Peter Pitsch: Aha! We use a market process and you alluded to the fact that I was previously at Intel. As I’m looking at my dear friend Preston Padden in the audience, I first got involved in this when I was at Intel. Intel could care less about the satellite guys. My CBA members won’t like to hear that but that’s true. They wanted spectrum available for 5G as soon as possible, Tim, like yesterday.

They came to us and said, “we need this spectrum” and we said, “it isn’t going happen, look at this: they’ve got influential customers, they have strong legal rights. We had a hard time getting the 28 gigahertz away from them.” Okay. We thought long and hard about it and we said, “wait a second. If we give them flexibility, just as the Wheeler Commission did to XO Communications at 28 gigahertz, by the way, and a Straight Path to 39 gigahertz, we believe that there’s enough win-win opportunity here that they’ll solved the holdup problem. Indeed that’s what’s happened, when Intel went to Intelsat, we persuaded them to do this, then Intelsat that persuaded SES, SES persuaded Utilsat and then Utilsat persuaded Telesat. I think I got that last order right.

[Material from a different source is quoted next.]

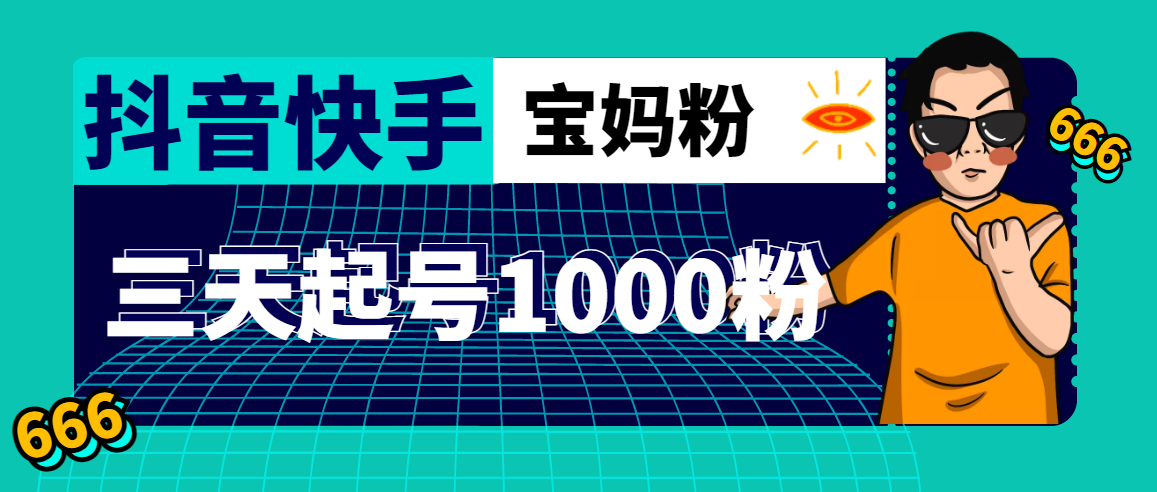 （4818期）抖音快手三天起号涨粉1000宝妈粉丝的核心方法【详细玩法教程】-花生资源网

But in any event, the win-win opportunity created by the market process because it internalized the importance of speed, lead those companies to solve the holdup problem. None of the other proposals do that with the exception of T-Mobile’s. And as I say, it’s fraught with legal political problems.

Scott Wallsten: Tim, there’s a lot to comment there.

Tim Brennan: Let me just throw in three things; one just skimming the stuff it seemed like one side was claiming monopoly and one side was claiming delay. If there was no dispute about one of those things or the other, we wouldn’t be here. But that’s not to say that I know whether delay is there, or if monopoly is there, I’ll come back to that. It sure would be nice if there was some sort of actual market test is toknow  how valuable the spectrum is to know whether it’s 180 megahertz or 500 megahertz or something in between.

I will say that the idea of getting everybody into a room and acehive agreement calling that a market process is something that may come as a surprise to my friends in the Antitrust Division. But be that as it may want to be a little bit fast and loose with the term. But that said, I’m just curious whether in fact this particular spectrum of 3.7-4.2 GHz is a relevant market. I don’t know that, I don’t know what it is. I will say that when I was at the FCC and they issued the Mobile Spectrum Holdings Order, they went to trouble to say that spectrum below one gigahertz needed to be treated differently. I kept saying that must mean it’s a separate market and they refused to call it a separate market for reasons which we remain a mystery to me.

So I’m not exactly sure what the story is here. It is quite possible in principle that that the C-Band Alliance has no incentive to withhold anything because they’re only part of a relevant market or maybe all of them are a relevant market. I simply don’t know. I would be very curious as to whether there’s actual evidence on that in one or the other.

Scott Wallsten: Steve could take that question.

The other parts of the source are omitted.